Member of the Washington State Senate from the 4th district
- Incumbent
- Assumed office January 13, 2025
- Preceded by: Mike Padden

Member of the Washington House of Representatives from the 4th district
- In office January 9, 2023 – January 13, 2025
- Preceded by: Rob Chase
- Succeeded by: Rob Chase
- In office January 8, 2014 – November 25, 2014
- Preceded by: Larry Crouse
- Succeeded by: Bob McCaslin Jr.

Personal details
- Born: Leonard Glenn Christian September 22, 1965 (age 60) Los Angeles, California, U.S.
- Party: Republican
- Spouse: Rima Marie (Ashbrook) Christian
- Education: Community College of the Air Force (AA) Embry–Riddle Aeronautical University (BS) Webster University (MBA)
- Profession: Real estate broker Lender

Military service
- Allegiance: United States
- Branch/service: United States Air Force
- Years of service: 1984 – 2004 (20 years)
- Rank: Master sergeant

= Leonard Christian =

American politician (born 1965)

Leonard Glenn Christian (born September 22, 1965) is an American politician and businessman. Christian serves as a member of the Washington State Senate, representing the 4th district, having been elected in 2024. He previously served as a member of the Washington House of Representatives from 2023 until 2025, having been elected in 2022. He was appointed to the state House in 2014 to fill out the remainder of the term of Representative Larry Crouse.

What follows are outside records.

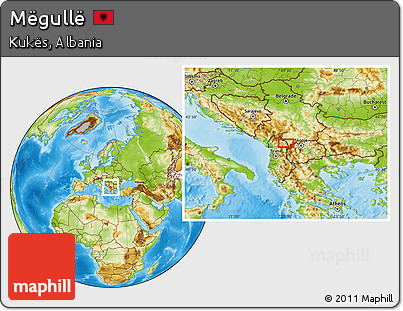 Physical Location Map of Mëgullë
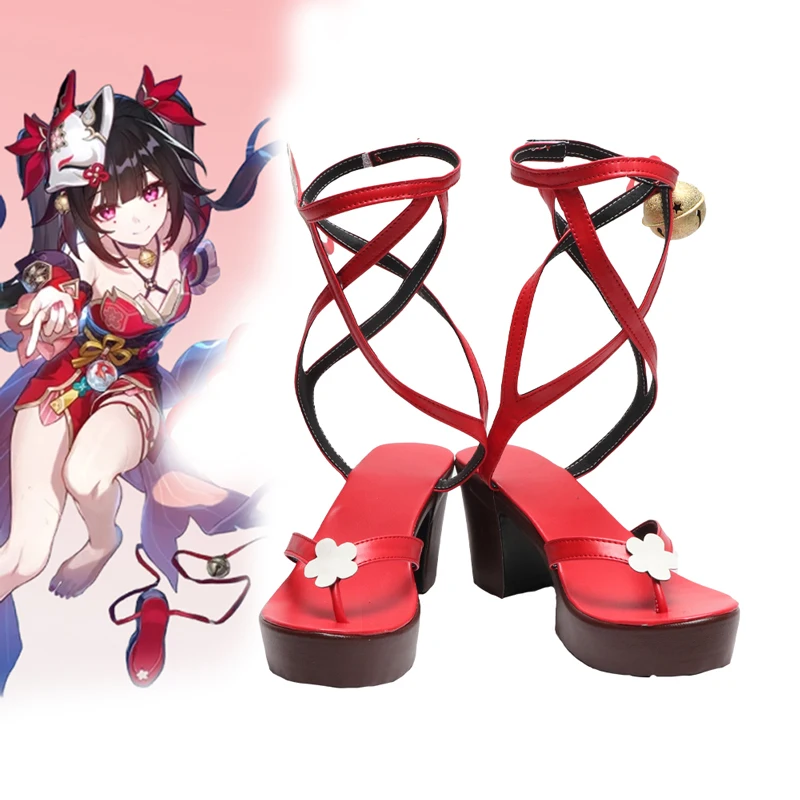 Custom New Sparkle  cosplay prop shoes Game Honkai: Star Rail Japanese Strap Clogs Custom Red High Heel Shoes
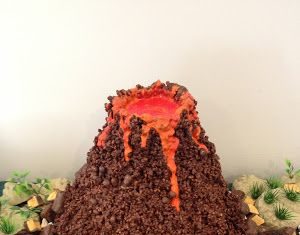 Birthday Inspiration: Chocolate Crackle Volcano Cake, use the giant twizlers out of the top for shooti…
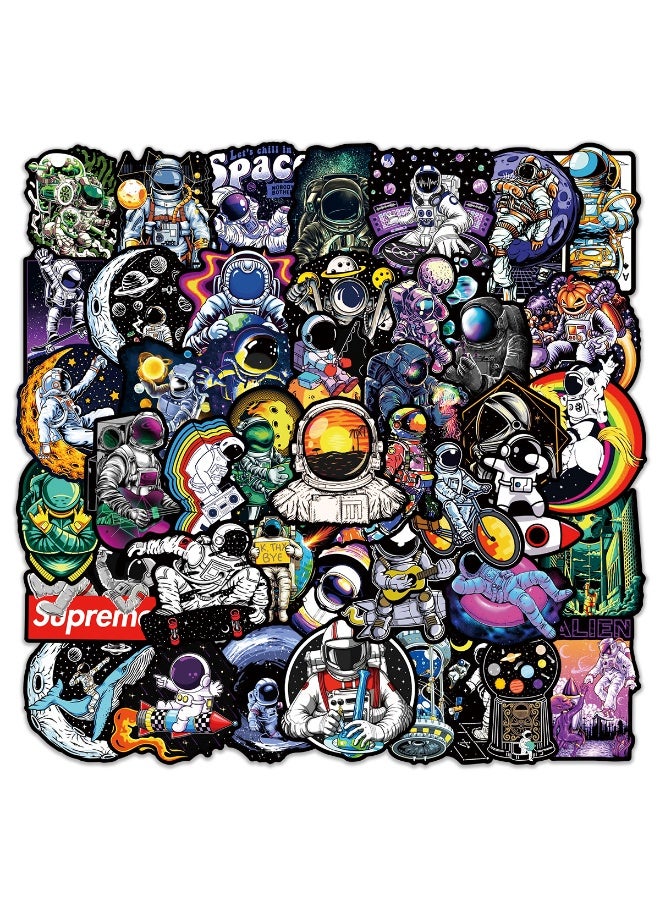 NIBEMINENT 50 Pcs Black Cool Astronaut Deco Kit Waterproof Stickers, High Definition Printing Bright Colors, Suitable for Laptop Skateboard Luggage Water Bottle Guitar DIY - Image 1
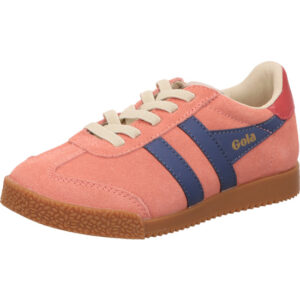 Goal Sneaker Damen pink mit blauem Streifen und goldenem Logo mit weißer Schnürung und brauner Sohle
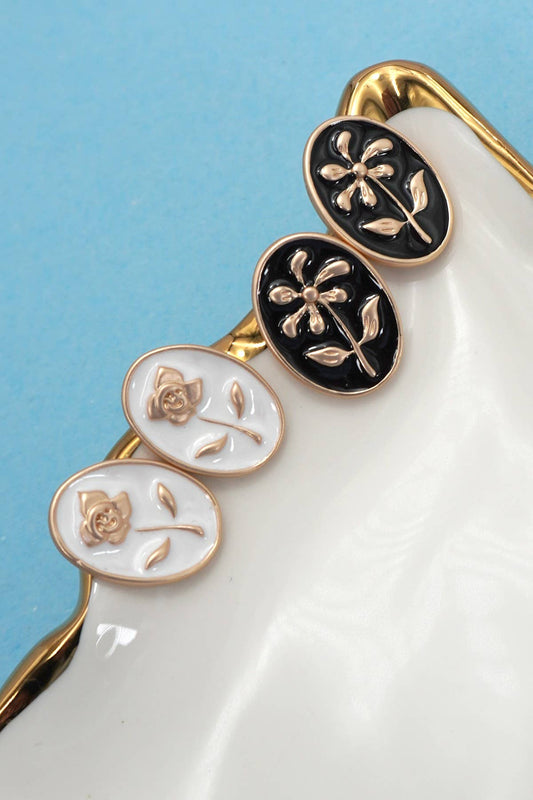 Golden Garden Flower Stud Earrings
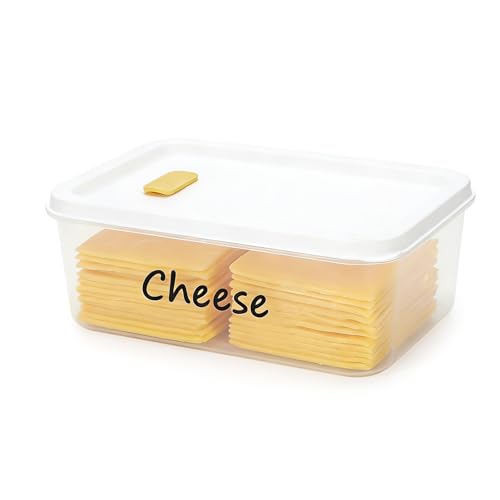 Punorric Airtight Cheese Storage Container for Fridge BPA-Free Plastic Box Organizer Stackable & Mold-Resistant Fridge Organisers for Cheese Chunks & Slices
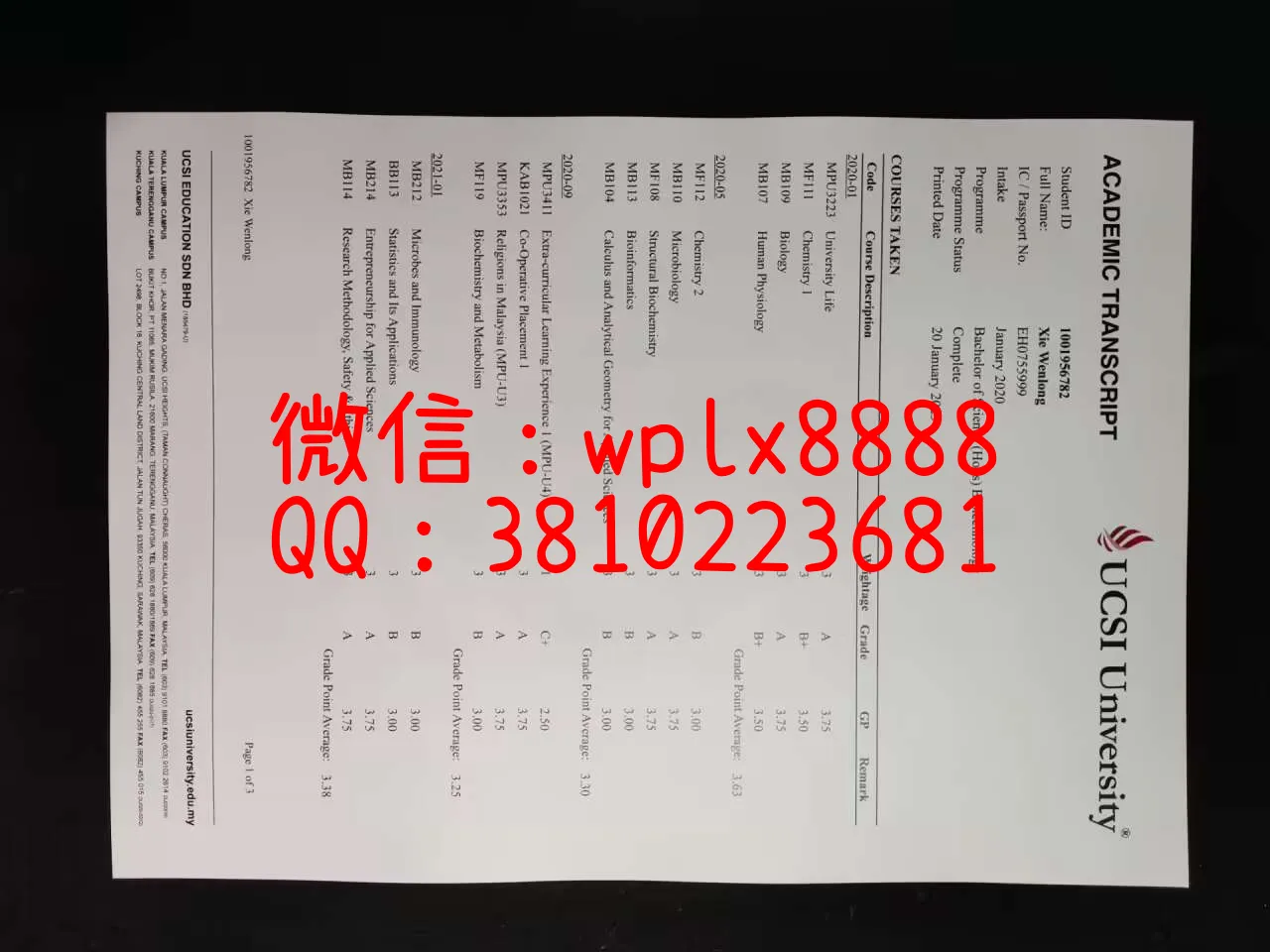 马来西亚思特雅大学成绩单成品1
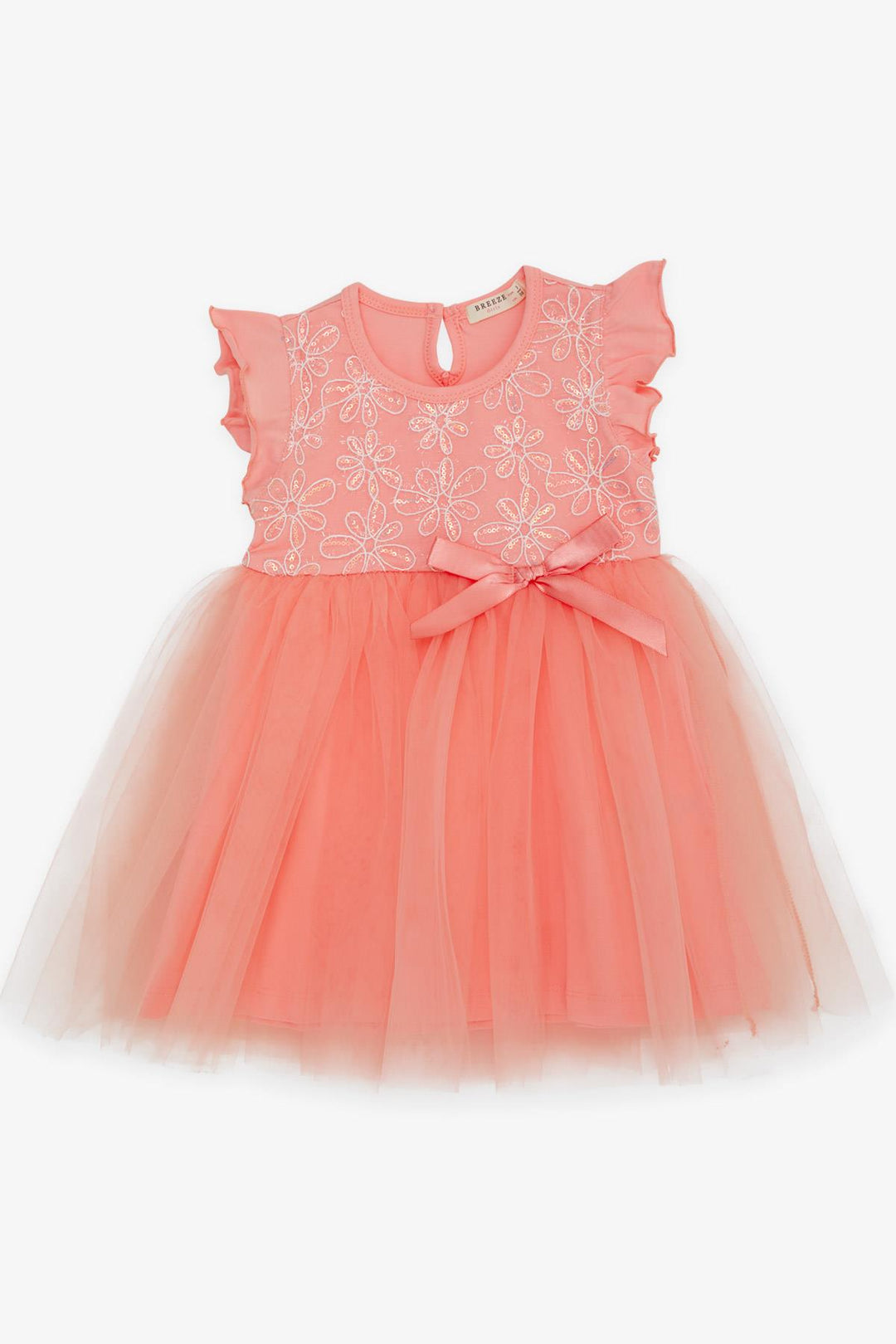 BRE Breeze Girl's Dress with Flower Embroidery and Ruffled Tulle, Salmon, 3-8 Years - Lorca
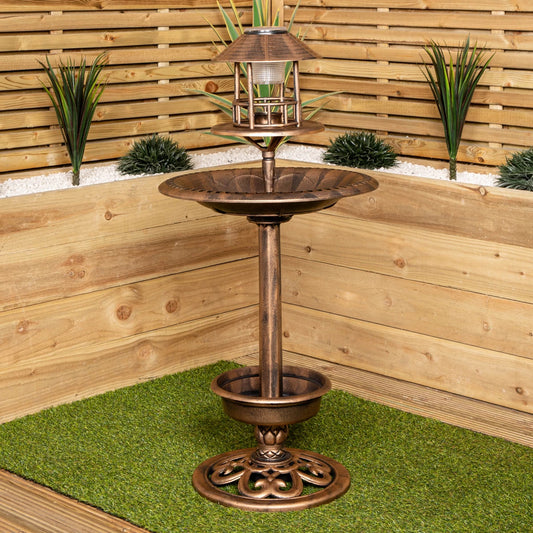 110cm Bronze Effect Resin Garden Bird Bath & Table with Solar Light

== Early life and education ==
Christian was born in Los Angeles and raised in Spokane, Washington, where he graduated from Joel E. Ferris High School. Christian earned an Associate degree from the Community College of the Air Force, Bachelor of Science from Embry–Riddle Aeronautical University, and MBA from Webster University. Christian served in the United States Air Force and retired as a Master sergeant.

== Career ==
Christian has worked as a real estate broker in Spokane Valley, Washington since 2007.

In 2010, he fell 12.5 points short of unseating the incumbent Spokane County Auditor, Vicky Dalton.

Christian was appointed to the state legislature on January 8, 2014, by the Spokane County Board of Commissioners, despite being the second choice of the Republican Precinct Committee Officers from the district. Christian filled the vacancy left after Larry Crouse resigned from his seat in the legislature on December 31, 2013, because of health problems.

In 2018, Christian narrowly lost an election for Spokane County Assessor.

Christian announced that he was running to challenge Rep. Matt Shea in the 2020 Republican primary after Rep. Shea was expelled from the House Republican caucus for alleged involvement in domestic terrorism.

== Awards ==
- 2014 Guardians of Small Business award. Presented by NFIB.